Non è facile, in questa sede, riprendere gli snodi più significativi di questi “fili”. Così, ad esempio, parlando della “donna dalle mani piene ed incallite”, sr. Marie-Angela Kitewo ha denunciato senza mezzi termini l’assoluta distanza tra i tanti bei discorsi sulla promozione della donna e la tremenda e tragica realtà delle tante donne violentate, emarginate, trafficate, maltrattate, ingannate, umiliate, disumanizzate. Le donne solo numericamente formano la “metà” dell’umanità. Ma accanto a un piccolo numero di donne socialmente “emergenti”, per ben due terzi non contano assolutamente nulla. Sono per lo più invisibili. Sono le donne dalle “mani piene”, per quanto fanno nella costruzione del mondo. Ma le loro mani sono rese callose dal duro lavoro, dalla lotta contro le leggi e le strutture ingiuste che impediscono loro di esistere realmente, offendendo in maniera inesorabile la loro bellezza e la loro dignità.
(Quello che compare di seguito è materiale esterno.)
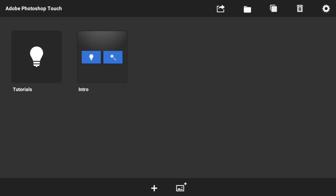Yo what's up guys, this is MozenLens. Today I'm going to show you guys how you can make your very own cool-looking YouTube banner for your channel — whether it's gaming, tutorial, speed art, or anything under the sun.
Fino a che punto, si è chiesta la relatrice, «siamo pronte a incontrare queste donne curve davanti a noi?». Non lo si dovrebbe mai dimenticare, ha concluso, perché queste donne “siamo tutte noi”.

Sullo stesso piano di aperta denuncia si è posta anche sr. Christiane Lorcy, parlando della sempre più vasta schiera di profughi e di migranti, installati spesso lungo le frontiere, in condizioni disumane, prive di speranza e senza prospettive di sopravvivenza. E fra tutti le più esposte sono sempre le donne, discriminate e sfruttate sul piano economico e sociale.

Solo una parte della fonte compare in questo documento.